MHB Log likelihood function and EM algorithm

AI Thread Summary
The discussion revolves around the application of the EM algorithm to a multinomial distribution, specifically focusing on the log likelihood function and its transformation. Participants clarify the steps involved in deriving the log likelihood from the likelihood function, emphasizing the importance of grouping terms that do not depend on the parameter of interest, θ. They explore the E and M steps of the EM algorithm, noting the need to partition variables to handle incomplete data effectively. The conversation highlights the complexity of these calculations and the necessity of understanding both complete and incomplete data scenarios in statistical modeling. Overall, the thread illustrates the intricacies of applying the EM algorithm in practice while seeking clarity on the underlying concepts.
Jameson
Insights Author
Gold Member
MHB
Messages
4,533
Reaction score
13
I'm going to start by asking about an example from class and then hopefully use that to work on the problem I need to solve. Here is an example:

Let's say we have a multinomial distribution $x \sim M(n;.5+.25\theta,0.25(1-\theta),0.25(1-\theta),0.5\theta)$.

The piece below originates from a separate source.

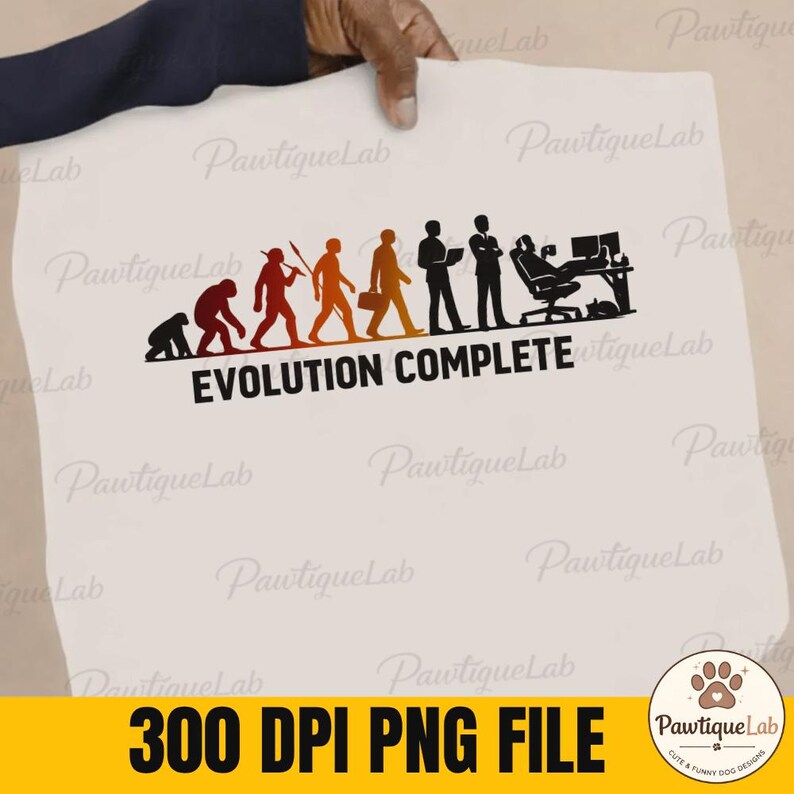 Pu&ograve; includere: Una maglietta bianca con una stampa grafica che raffigura le fasi dell'evoluzione umana, passando da un primate a una persona seduta a una scrivania con computer. Il testo EVOLUTION COMPLETE &egrave; stampato in lettere maiuscole nere sotto il grafico.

The likelihood function of $\theta$ given the vector $x$ is:

$$f(x|\theta) = \frac{n!}{x_1!x_2!x_3!x_4!}(.5+.25\theta)^{x_1}(0.25(1-\theta)^{x_2+x_3}(0.5\theta)^{x_4}$$.

This part is fine. It's this next step that confuses me.

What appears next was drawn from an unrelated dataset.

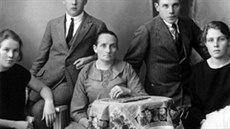 Paavo Nurmi (nahoe vpravo) s rodinou v roce 1924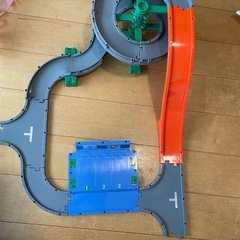 トミカ くみたてかんたん! くるくる峠どうろセット（お値下げします）の画像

$$\log (f(x|\theta))=x_1 \log(2+ \theta)+(x_2+x_3) \log(1-\theta)+x_4 \log(\theta)+\text{constant}$$

I understand the standard log rules I believe but I don't see how $\log(.5+.25\theta)^{x_1}=x_1 \log(2+ \theta)$. Obviously $x_1$ can be brought down in front of the expression but the stuff inside the parentheses makes no sense. :confused:
 
Physics news on Phys.org
I would look at it as:

$$\log(.5+.25\theta)^{x_1}=x_1\log\left(\frac{1}{2}+\frac{\theta}{4} \right)=x_1\log\left(\frac{2+\theta}{4} \right)=x_1 \log(2+ \theta)+\text{constant}$$
 
That's it! Nice eye. :)

Ok, so here is the problem I need to do. How does this look?

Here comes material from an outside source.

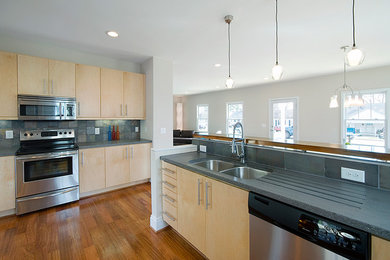 Kitchen - modern kitchen idea in Raleigh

$\displaystyle f(x|\theta) = \frac{n!}{x_1!x_2!x_3!x_4!}(0.25\theta)^{x_1}(0.25(2+\theta))^{x_2}(0.5(1-2\theta))^{x_3}(0.5\theta)^{x_4}$

$\displaystyle f(x|\theta) = \frac{n!}{x_1!x_2!x_3!x_4!}\left( \frac{\theta}{4}\right)^{x_1}\left( \frac{2+\theta}{4} \right)^{x_2}\left( \frac{1-2\theta}{2} \right)^{x_3} \left(\frac{\theta}{2} \right)^{x_4}$

$\log (f(x|\theta))=x_1 \log(\theta)+x_2 \log(2+\theta)+ x_3 \log(1-2\theta)+x_4 \log(\theta) +\text{constant}$
 
Jameson said:
That's it! Nice eye. :)

Ok, so here is the problem I need to do. How does this look?

$\displaystyle f(x|\theta) = \frac{n!}{x_1!x_2!x_3!x_4!}(0.25\theta)^{x_1}(0.25(2+\theta))^{x_2}(0.5(1-2\theta))^{x_3}(0.5\theta)^{x_4}$

$\displaystyle f(x|\theta) = \frac{n!}{x_1!x_2!x_3!x_4!}\left( \frac{\theta}{4}\right)^{x_1}\left( \frac{2+\theta}{4} \right)^{x_2}\left( \frac{1-2\theta}{2} \right)^{x_3} \left(\frac{\theta}{2} \right)^{x_4}$

$\log (f(x|\theta))=x_1 \log(\theta)+x_2 \log(2+\theta)+ x_3 \log(1-2\theta)+x_4 \log(\theta) +\text{constant}$

Yes, looks like you have properly applied the appropriate properties of logs to me. (Sun)
 
So the next step according to my notes is to make a partition of one of the $x$ variables by writing $x_n = y_1+y_2$ for some $n$. My professor suggested partitioning $x_2$.

So $x_2=y_1+y_2 \rightarrow y_1 = 0.5 \text{ and } y_2=0.25\theta$, where $(y_1,y_2) \sim \text{Bin }(x_1; 0.5/(0.5+0.25\theta), 0.25\theta/(0.5+0.25\theta))$

Set the complete data to be $y=(x_1,y_1,y_2,x_3,x_4)$

The complete log likelihood function should now be $(x_1+y_2) \log(\theta)+ x_3 \log(1-2\theta)+x_4 \log(\theta) +\text{constant}$

I unfortunately am not even at the $E$ step yet for the EM algorithm but I believe this is how you must do it. Am I on the right track? I realize this might be a topic not many are familiar with but I've read that this algorithm is widely used.
 
I'm not familiar with this topic at all, but, it appears to be that to get the complete log likelihood function you cite, we require:

$$y_2\log(\theta)=x_2\log(2+\theta)+\text{constant}$$

Does this look right?
 
Good thinking, but I'm not sure that's the way to go. Luckily the next step was already done in the notes for $x_2=0.5+0.25\theta$. Don't ask me what any of the next stuff means though (Wasntme). I am going from my notes and would love it if someone could make sense of it. I do believe this is correct though and I'm making progress.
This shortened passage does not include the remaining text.